Kein Stress gefälligst!
Marlene Göring über die Ergebnisse des Stress-Reports 2012
Der Deutsche ist ein quengeliger Arbeiter. Gestresst, wenn er unterbrochen wird. Aber auch, wenn es keine Pausen gibt. Monotone Tätigkeiten nerven ihn, viele unterschiedliche Aufgaben genauso. Unter Belastung neigt er zu Reizbarkeit und Nervosität. Mal ehrlich: Wer denn nicht? Erklären können die Ergebnisse des Stress-Reports 2012 nicht, wieso Arbeit heute mehr Menschen psychisch krank macht als je zuvor.

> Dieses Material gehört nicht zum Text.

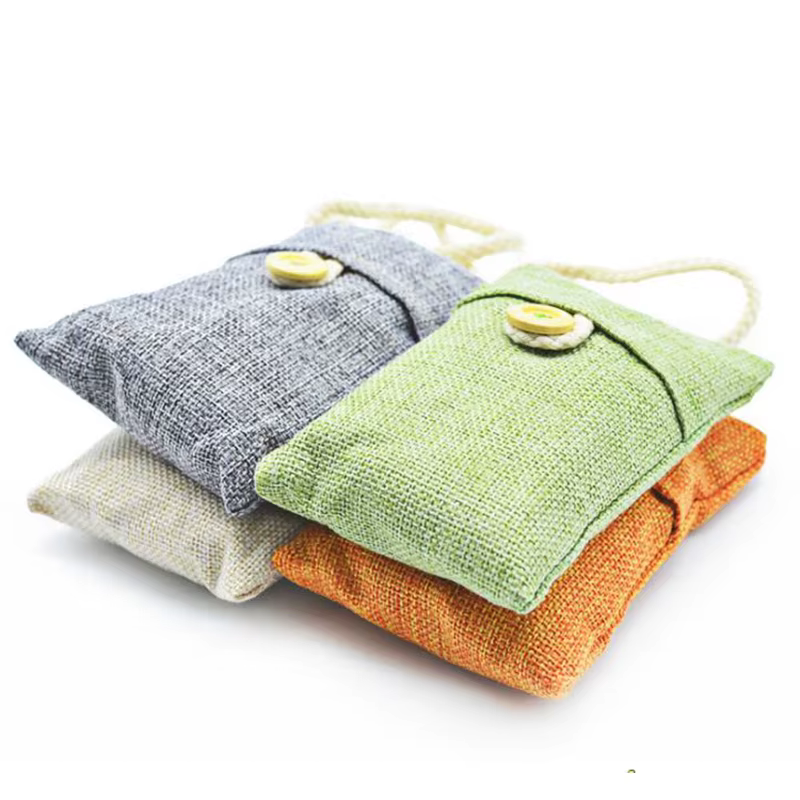 Sac de charbon de bambou actif, 100/200g, assainisseur d'air naturel, cuillère à soupe, éliminateur d'odeurs et absorbeur d'humidité
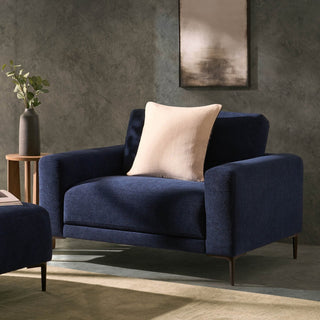 Feather & Black Malibu Loveseat - Chenille Navy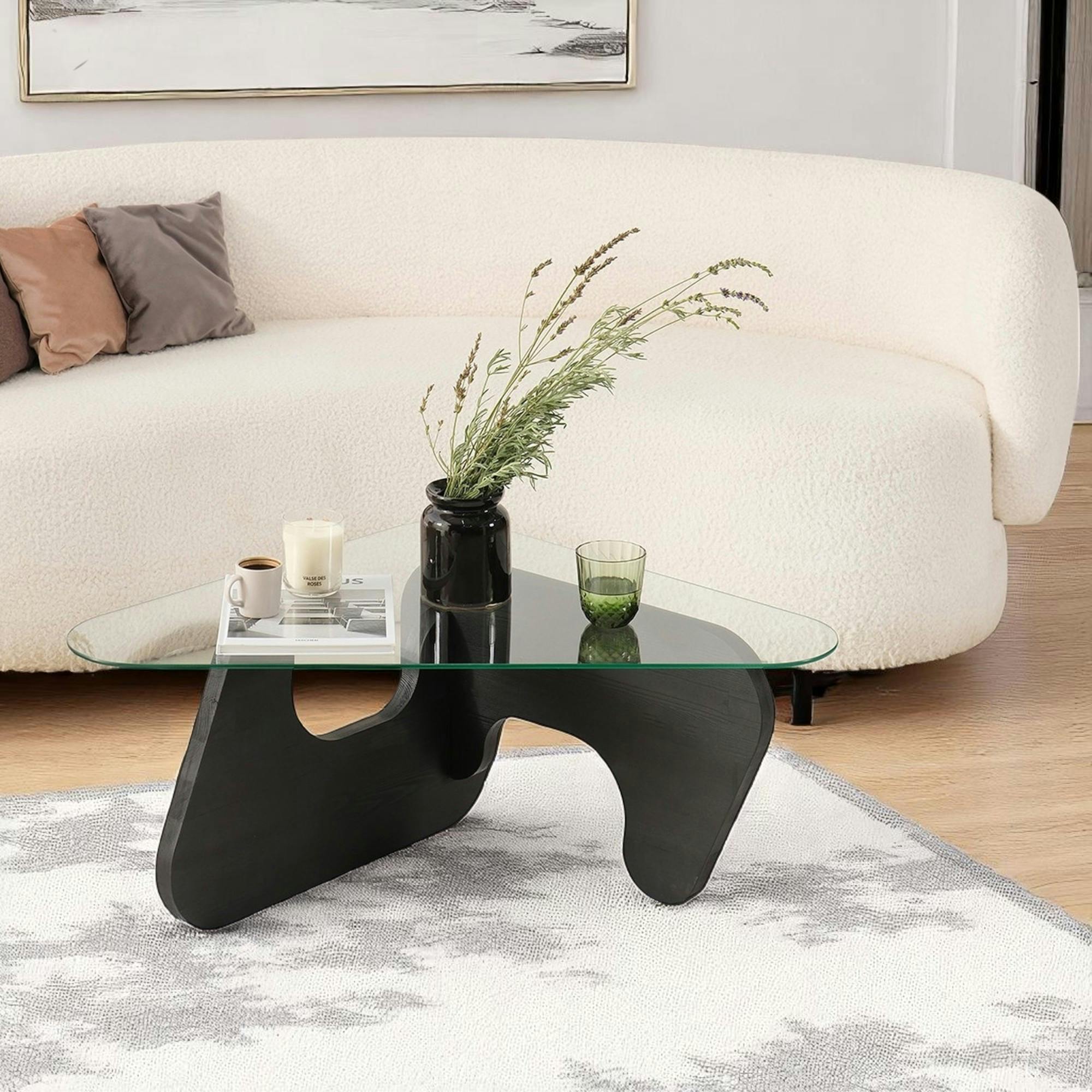 Table basse en verre - pied bois brun, forme triangle ANZIO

Kein Wunder, dass Politik, Gewerkschaften und Arbeitgeber ein wirksames Mittel gegen den Nerv im Job nicht gefunden haben: Ihre geplante »Gemeinsame Erklärung zur psychischen Gesundheit am Arbeitsplatz« ist gescheitert. Bundesarbeitsministerin von der Leyen will trotzdem eine Anti-Stress-Verordnung erlassen. Sobald sie weiß, was drin stehen soll. Ein Widerspruch in sich: Stress ist eine psychische Kategorie und hat in erster Linie mit dem persönlichen Erleben zu tun. Dagegen hilft keine objektive Norm, die man anordnet und gefälligst einzuhalten hat. Hinter den Zahlen und Prozenten zeigt sich etwas anderes ganz deutlich: wie Arbeit heute erlebt wird, wie sie nur erlebt werden kann. Ist sie etwas, mit dem ich die Gemeinschaft unterstütze, zu der ich gern gehöre? Etwas, um Verantwortung zu übernehmen für die Welt, in der ich lebe? Und das ein gutes Leben für alle möglich macht?
Oder ist Arbeit ein Weg, um mich zu bereichern? Die einzige Möglichkeit, meinen gesellschaftlichen Stand zu behaupten? Oder auch nur - und immer öfter nicht einmal mehr das - die bloße Existenz zu sichern?